> [What the task asks]: None of the images should appear in your copy. Transcribe the data in full.

(Collected data entries)
::::::::::

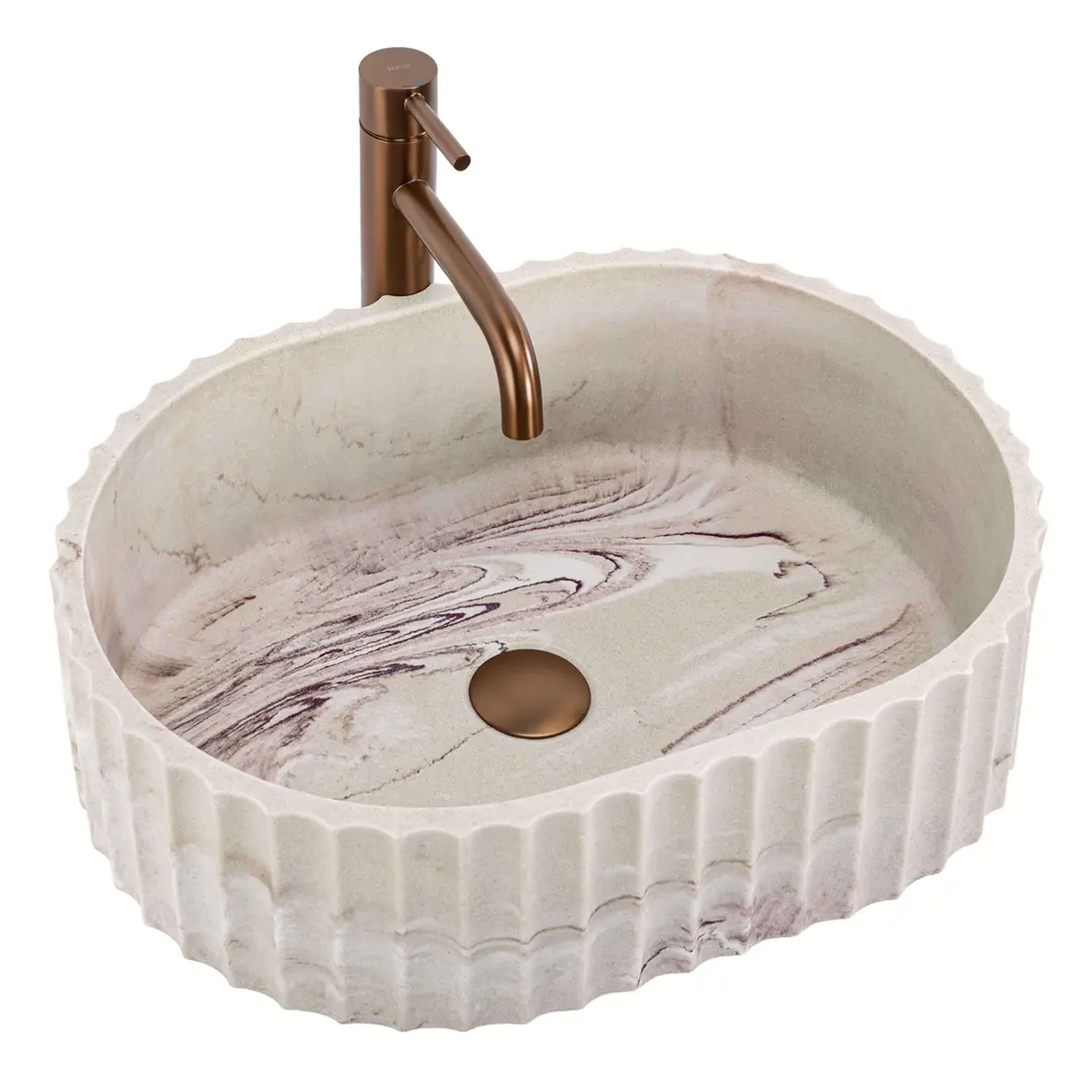 Rea Margaret lavabo 50x35.5 cm ovale à poser gris/pierre-marron/beige mat REA-U3522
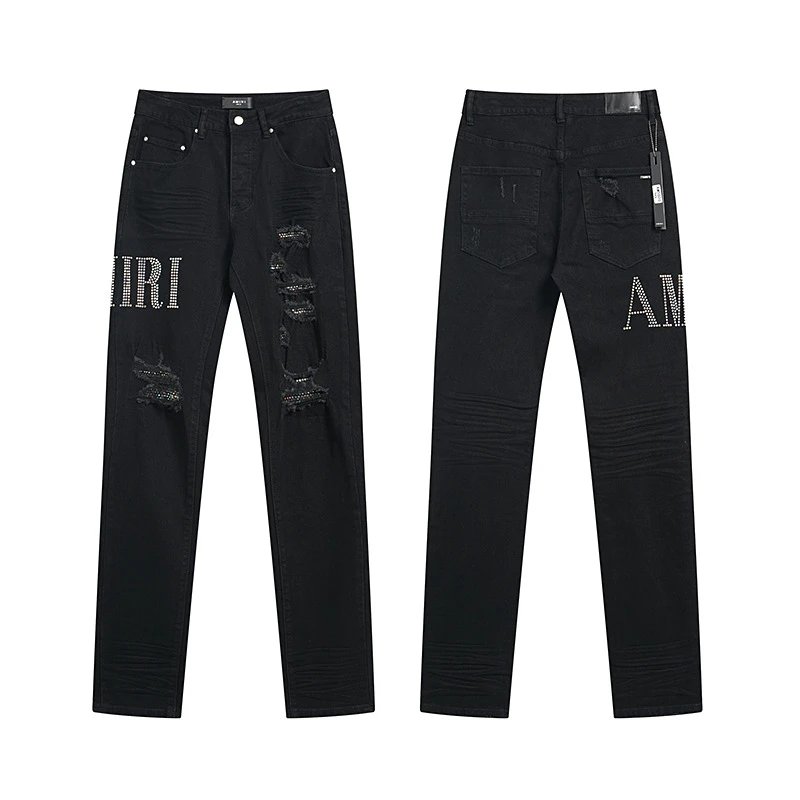 Amiri Logo Print Distressed Slim Fit Jeans - 15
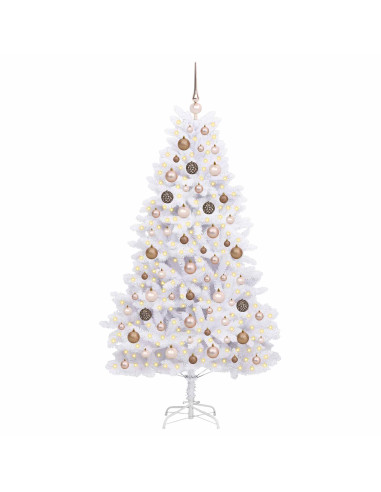 Albero di Natale artificiale 180 cm PVC e Acciaio Bianco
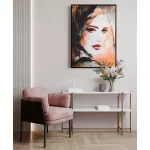 Női portrét ábrázoló kézzel festett falikép 637b kerettel Narancssárga 50x70 cm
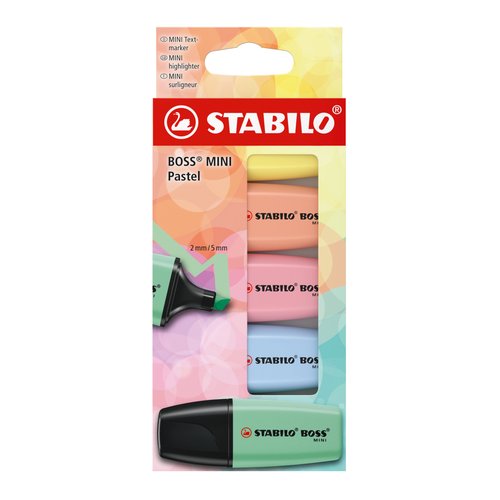 Stabilo Boss Mini Pastel Colores Surtidos Estuche de 5 Unidades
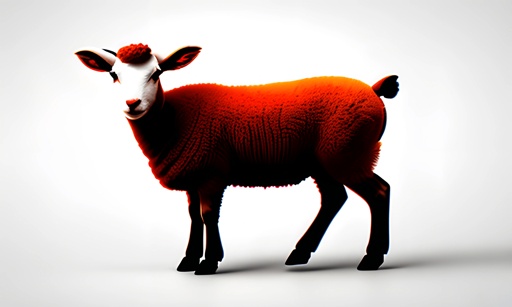 a red sheep standing in a white room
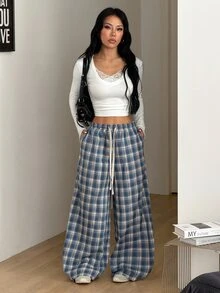 Coolane 藍色格紋休閒直筒長褲，女款秋季外出街頭風日常穿著基礎運動休閒波希米亞度假褲 - 藍色 - 查看 5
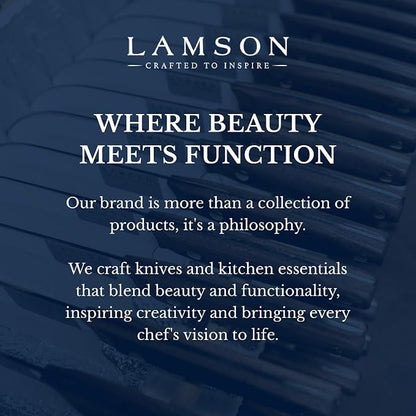 Lamson Vintage 8" Chef's Knife, Hi-Carbon Stainless Steel Blade, Double Riveted for Balance, Ideal for Dicing, Slicing & Chopping, Kitchen Knives - Walnut Handle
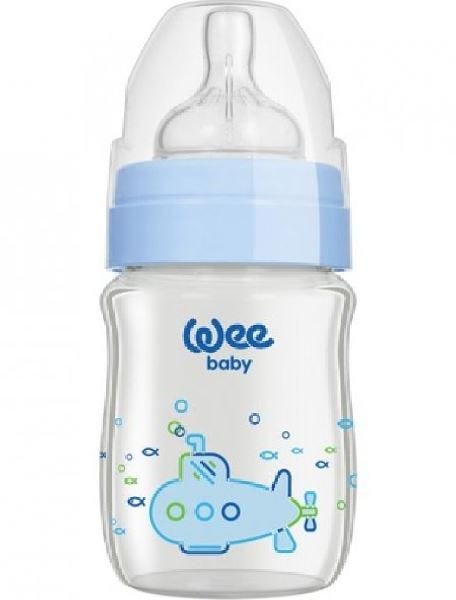 Wee Baby Submarine Glass Feeding Bottle, 180 ml - Blue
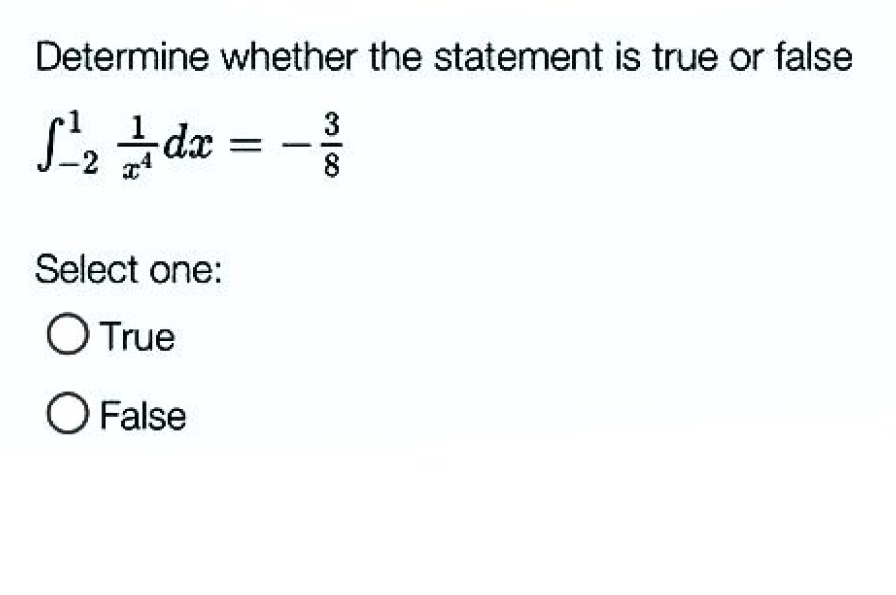 Determine whether the statement is true or false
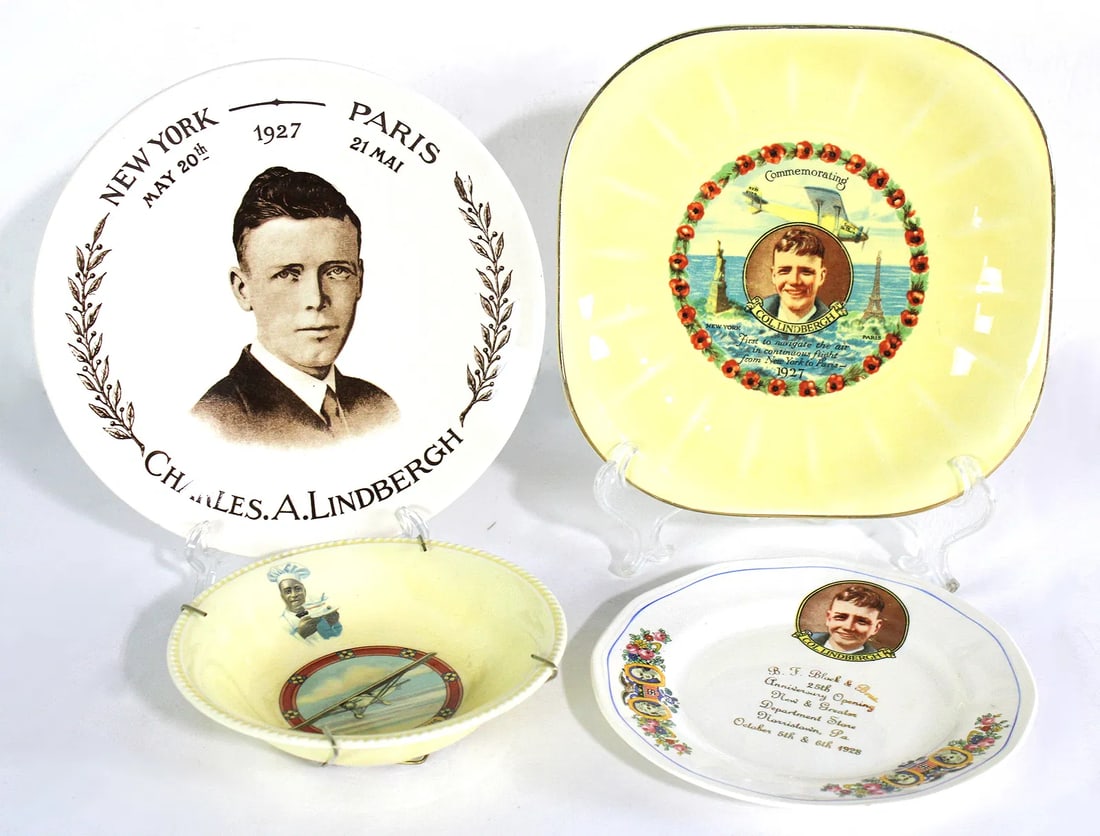 Charles Lindbergh Aviation Themed Commemorative Plates and Bowl: This item requires third-party shipping or pickup arrangements to be made.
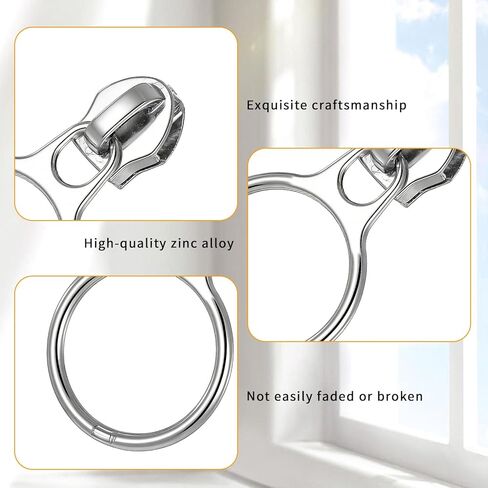 20 Pcs Zipper Pulls #5 Zinc Alloy #5 Silver Ring Star Zipper Head Small Fashion Coil Zippers Puller Metal Zippers Sliders for Luggages Purses Bags Clothes Shoes in Saudi Arabia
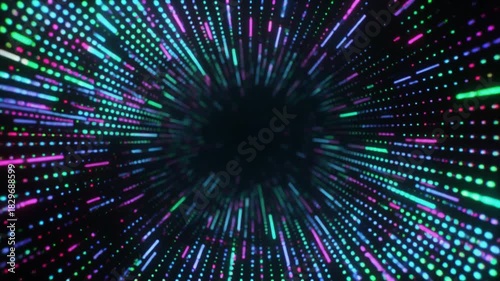 Abstract dark background with arrow dot lighting for cyber technology futuristic concept blur and grain processed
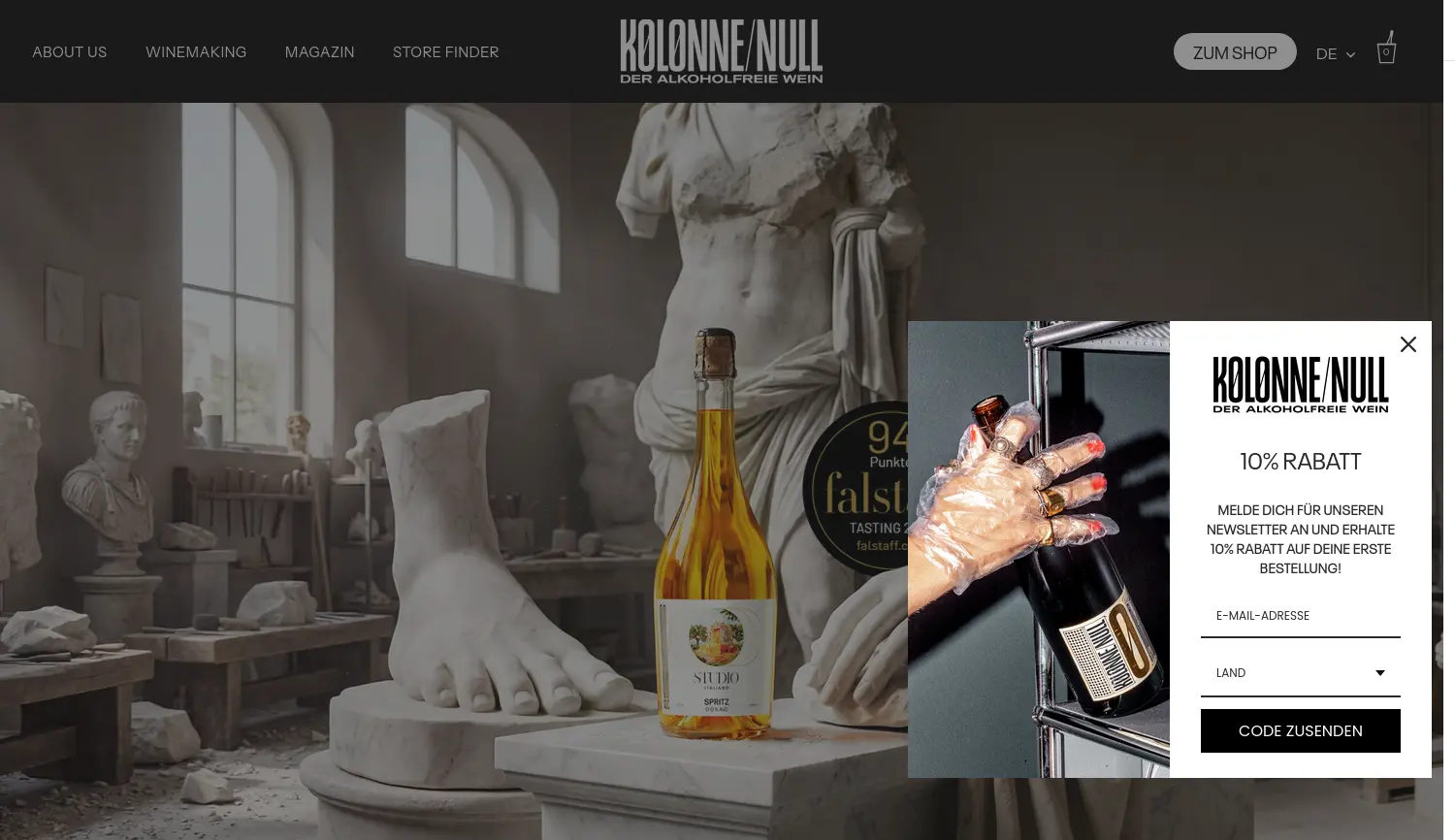 Website-Screenshot von Kolonne Null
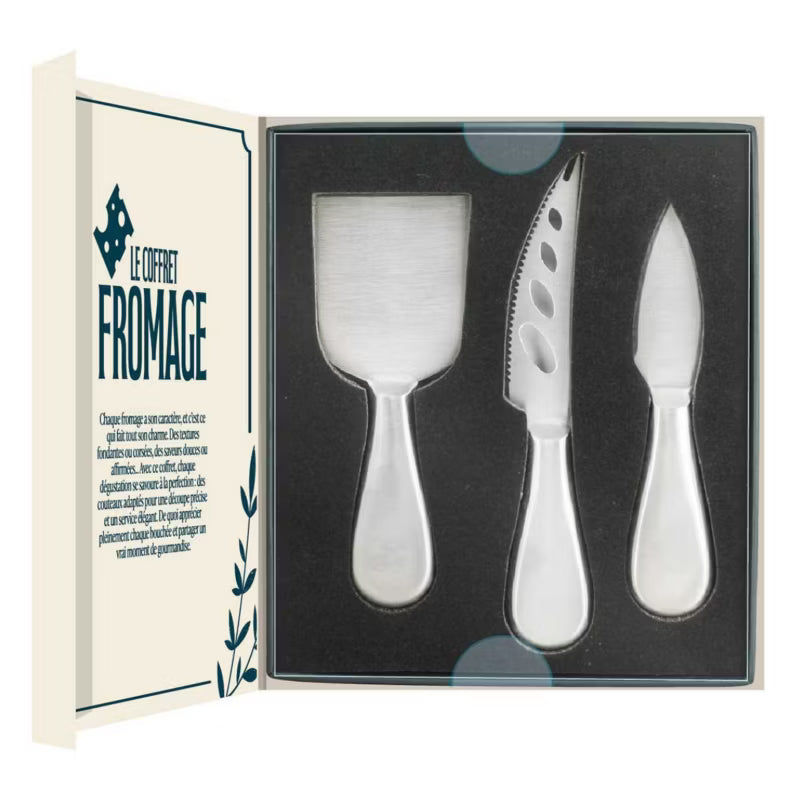 Osteknivesæt Rustfrit Stål Sølv i Gaveæske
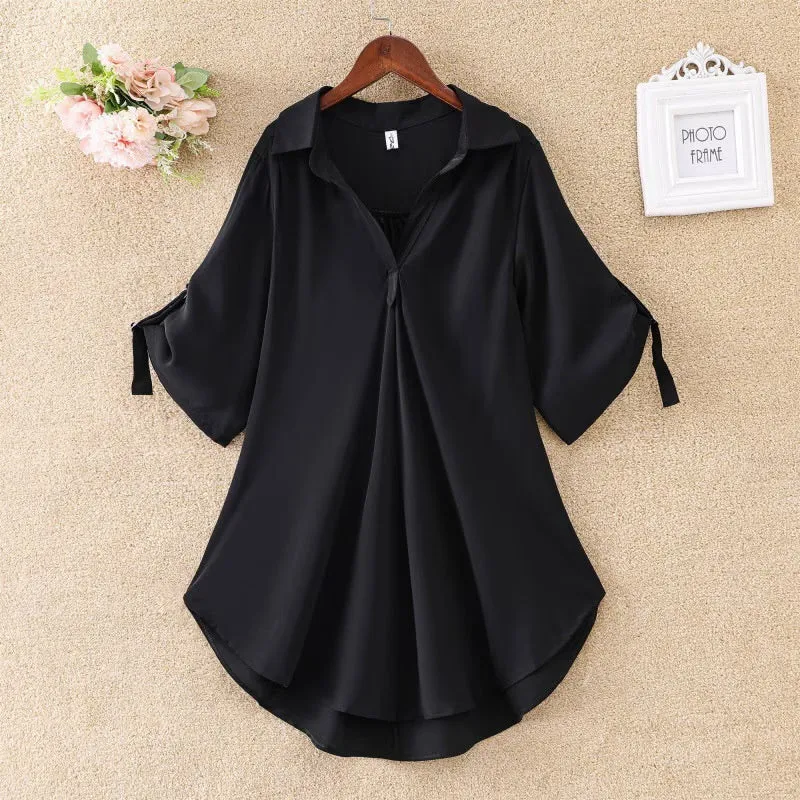 Women's Long Sleeve Solid Color Shirts & Blouses 563665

::::::::::

> [Solution for this task]:
 Rea Margaret lavabo 50x35.5 cm ovale à poser gris/pierre-marron/beige mat REA-U3522
 Amiri Logo Print Distressed Slim Fit Jeans - 15
 Albero di Natale artificiale 180 cm PVC e Acciaio Bianco
 Női portrét ábrázoló kézzel festett falikép 637b kerettel Narancssárga 50x70 cm
 Stabilo Boss Mini Pastel Colores Surtidos Estuche de 5 Unidades
 a red sheep standing in a white room
 Coolane 藍色格紋休閒直筒長褲，女款秋季外出街頭風日常穿著基礎運動休閒波希米亞度假褲 - 藍色 - 查看 5
 Lamson Vintage 8" Chef's Knife, Hi-Carbon Stainless Steel Blade, Double Riveted for Balance, Ideal for Dicing, Slicing & Chopping, Kitchen Knives - Walnut Handle
 Wee Baby Submarine Glass Feeding Bottle, 180 ml - Blue
 Determine whether the statement is true or false
 Charles Lindbergh Aviation Themed Commemorative Plates and Bowl: This item requires third-party shipping or pickup arrangements to be made.
 20 Pcs Zipper Pulls #5 Zinc Alloy #5 Silver Ring Star Zipper Head Small Fashion Coil Zippers Puller Metal Zippers Sliders for Luggages Purses Bags Clothes Shoes in Saudi Arabia
 Abstract dark background with arrow dot lighting for cyber technology futuristic concept blur and grain processed
 Website-Screenshot von Kolonne Null
 Osteknivesæt Rustfrit Stål Sølv i Gaveæske
 Women's Long Sleeve Solid Color Shirts & Blouses 563665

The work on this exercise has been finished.